# Smoked Ham Mold



## schola1980 (Oct 31, 2014)

Hi all, I have a question about smoked meat. Each year we smoke hams and then hang them in the basement for about 9 months. By the time my Father cuts them up, they have a pelt of green, black and white mold. He rinses them off and then dries and cuts them up. Is he going to make himself sick? Or is the mold problem different for smoked vs. nonsmoked items? Thank you.


----------



## kc5tpy (Nov 1, 2014)

Hello.  I'm afraid I can't explain the science to you.  Hopefully my answer will bring your question to the forefront and get answers from more experienced folks.  Virginia is famous for their hams.  Those things are hung so long you have to soak them in water for a day or so because they are so dry.  In Italy most of their salami has a white mold on it.  The thing with ham is it's cured AND smoked.  Both processes allow meat to be kept for very long periods of time.  Think about salted meat they used to take aboard ship back in the 1700 - 1800's.  Sounds to me your Dad has been doing this a while and knows his stuff.  I think you can put your fears to rest.  Just my opinion.  I feel quite certain a more experienced member will correct me if I'm wrong and maybe educate us both on the science.  Hope this helps.

Danny


----------



## schola1980 (Nov 1, 2014)

Hey thanks for the response!
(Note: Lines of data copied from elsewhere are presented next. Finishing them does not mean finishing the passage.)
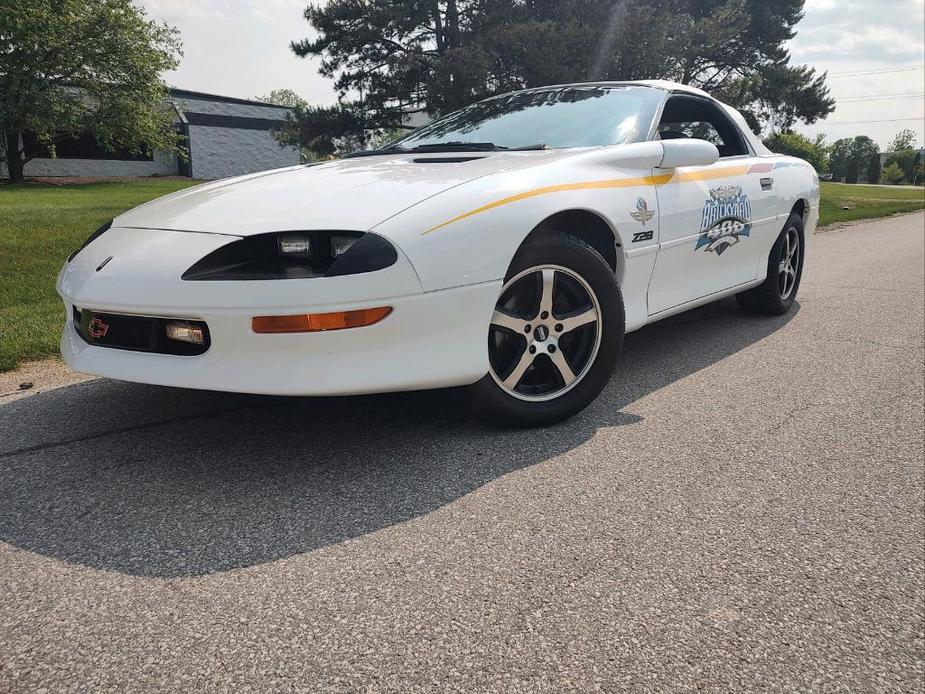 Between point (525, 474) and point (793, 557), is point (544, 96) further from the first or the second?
point (793, 557)

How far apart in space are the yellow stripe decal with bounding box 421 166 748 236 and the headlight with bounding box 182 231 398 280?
0.64 feet

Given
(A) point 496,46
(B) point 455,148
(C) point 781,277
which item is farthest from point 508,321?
(A) point 496,46

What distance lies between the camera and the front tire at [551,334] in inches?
106

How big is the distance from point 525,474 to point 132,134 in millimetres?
30352

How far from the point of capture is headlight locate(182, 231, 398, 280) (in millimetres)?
2264

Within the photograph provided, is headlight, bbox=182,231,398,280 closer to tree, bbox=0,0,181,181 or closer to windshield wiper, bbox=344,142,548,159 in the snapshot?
windshield wiper, bbox=344,142,548,159

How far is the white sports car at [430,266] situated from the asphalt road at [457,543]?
0.33 m

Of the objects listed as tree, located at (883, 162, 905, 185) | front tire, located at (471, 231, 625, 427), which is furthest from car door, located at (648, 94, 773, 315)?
tree, located at (883, 162, 905, 185)

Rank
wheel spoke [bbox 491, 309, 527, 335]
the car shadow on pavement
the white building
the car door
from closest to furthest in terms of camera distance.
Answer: the car shadow on pavement → wheel spoke [bbox 491, 309, 527, 335] → the car door → the white building

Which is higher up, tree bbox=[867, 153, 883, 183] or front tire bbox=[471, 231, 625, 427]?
tree bbox=[867, 153, 883, 183]

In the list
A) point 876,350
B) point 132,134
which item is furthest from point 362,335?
point 132,134

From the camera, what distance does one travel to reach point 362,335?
2.30 metres

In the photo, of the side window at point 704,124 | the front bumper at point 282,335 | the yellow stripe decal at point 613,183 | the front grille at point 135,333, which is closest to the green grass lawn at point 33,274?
the front grille at point 135,333

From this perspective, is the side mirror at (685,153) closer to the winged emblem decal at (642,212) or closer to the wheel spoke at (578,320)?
the winged emblem decal at (642,212) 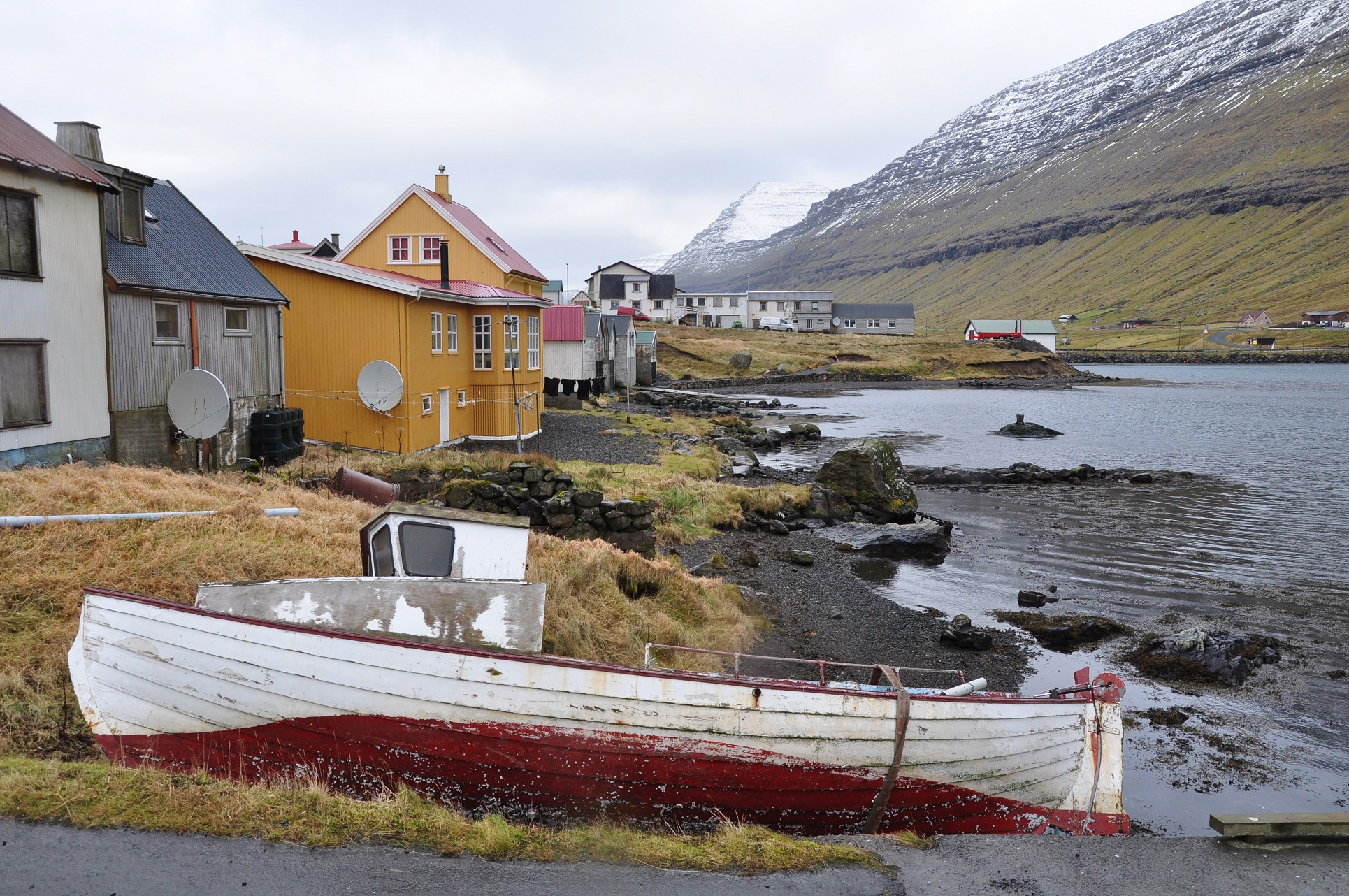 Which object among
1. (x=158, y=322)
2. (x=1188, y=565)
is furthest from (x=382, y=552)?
(x=1188, y=565)

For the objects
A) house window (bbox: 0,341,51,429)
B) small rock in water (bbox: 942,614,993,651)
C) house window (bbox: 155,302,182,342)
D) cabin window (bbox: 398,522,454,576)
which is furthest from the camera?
house window (bbox: 155,302,182,342)

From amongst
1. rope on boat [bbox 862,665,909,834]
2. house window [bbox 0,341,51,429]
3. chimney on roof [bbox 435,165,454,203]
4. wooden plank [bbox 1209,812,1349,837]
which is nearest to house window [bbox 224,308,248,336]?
house window [bbox 0,341,51,429]

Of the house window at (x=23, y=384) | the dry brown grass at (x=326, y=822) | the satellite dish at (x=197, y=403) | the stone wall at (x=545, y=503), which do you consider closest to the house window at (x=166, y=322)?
the satellite dish at (x=197, y=403)

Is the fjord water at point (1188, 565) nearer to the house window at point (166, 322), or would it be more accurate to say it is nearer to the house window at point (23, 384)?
the house window at point (166, 322)

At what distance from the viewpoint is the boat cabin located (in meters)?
9.75

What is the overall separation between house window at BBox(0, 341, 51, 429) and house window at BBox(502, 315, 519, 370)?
1733 cm

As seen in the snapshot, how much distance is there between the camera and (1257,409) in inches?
2908

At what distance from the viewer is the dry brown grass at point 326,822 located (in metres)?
6.98

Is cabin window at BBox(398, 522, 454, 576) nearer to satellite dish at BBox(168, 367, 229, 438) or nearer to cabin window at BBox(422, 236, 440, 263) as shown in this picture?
satellite dish at BBox(168, 367, 229, 438)

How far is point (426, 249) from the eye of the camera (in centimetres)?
3575

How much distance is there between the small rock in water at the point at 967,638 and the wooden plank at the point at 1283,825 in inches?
313

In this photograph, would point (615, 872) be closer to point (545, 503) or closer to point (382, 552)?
point (382, 552)

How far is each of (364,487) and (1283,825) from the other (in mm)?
17263

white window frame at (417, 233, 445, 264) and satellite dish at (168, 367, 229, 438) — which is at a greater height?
white window frame at (417, 233, 445, 264) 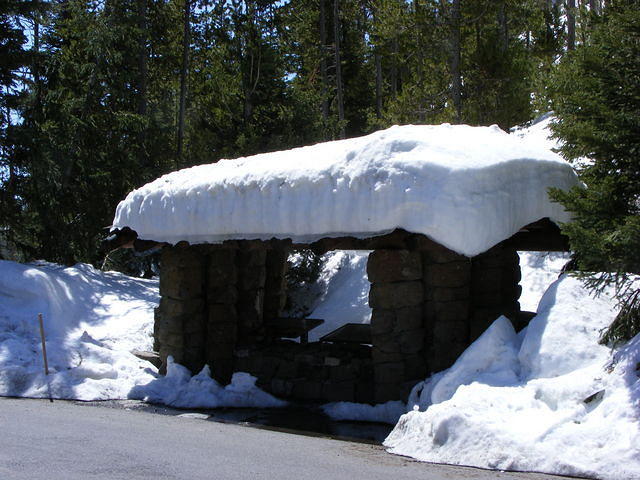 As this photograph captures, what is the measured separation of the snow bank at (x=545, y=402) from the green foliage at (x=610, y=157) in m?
0.38

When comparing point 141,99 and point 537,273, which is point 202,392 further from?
point 141,99

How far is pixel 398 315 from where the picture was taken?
8.34 m

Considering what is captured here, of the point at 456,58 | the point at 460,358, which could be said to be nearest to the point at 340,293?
the point at 456,58

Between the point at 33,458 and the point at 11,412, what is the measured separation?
2915mm

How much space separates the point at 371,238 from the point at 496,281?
1.61 meters

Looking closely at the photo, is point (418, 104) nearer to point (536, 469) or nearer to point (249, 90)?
point (249, 90)

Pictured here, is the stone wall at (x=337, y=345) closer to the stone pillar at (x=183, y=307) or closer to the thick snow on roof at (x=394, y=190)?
the stone pillar at (x=183, y=307)

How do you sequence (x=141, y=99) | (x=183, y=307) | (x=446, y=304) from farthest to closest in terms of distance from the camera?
1. (x=141, y=99)
2. (x=183, y=307)
3. (x=446, y=304)

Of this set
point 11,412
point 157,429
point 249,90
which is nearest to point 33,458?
point 157,429

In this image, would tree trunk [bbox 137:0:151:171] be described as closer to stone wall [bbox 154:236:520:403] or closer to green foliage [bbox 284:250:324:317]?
green foliage [bbox 284:250:324:317]

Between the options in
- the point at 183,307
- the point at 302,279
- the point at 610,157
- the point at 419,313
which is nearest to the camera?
the point at 610,157

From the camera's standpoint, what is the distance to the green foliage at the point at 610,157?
588 cm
My Dad's excuse has been "That's the way we always do it; cheese is made the same way". I wasn't sure if all the mold warnings were applicable to him or not.


----------



## pops6927 (Nov 2, 2014)

Some articles concerning molds:

http://www.fsis.usda.gov/wps/portal...d-handling/molds-on-food-are-they-dangerous_/

http://www.fsis.usda.gov/wps/wcm/co...1f-393086742e68/Molds_on_Food.pdf?MOD=AJPERES

http://www.foodsafety.gov/poisoning/causes/Molds/These pretty much covers the situation!


----------



## schola1980 (Nov 3, 2014)

Thank you Pops!


----------



## chef jimmyj (Nov 3, 2014)

Great info Pops, thanks for posting...JJ


----------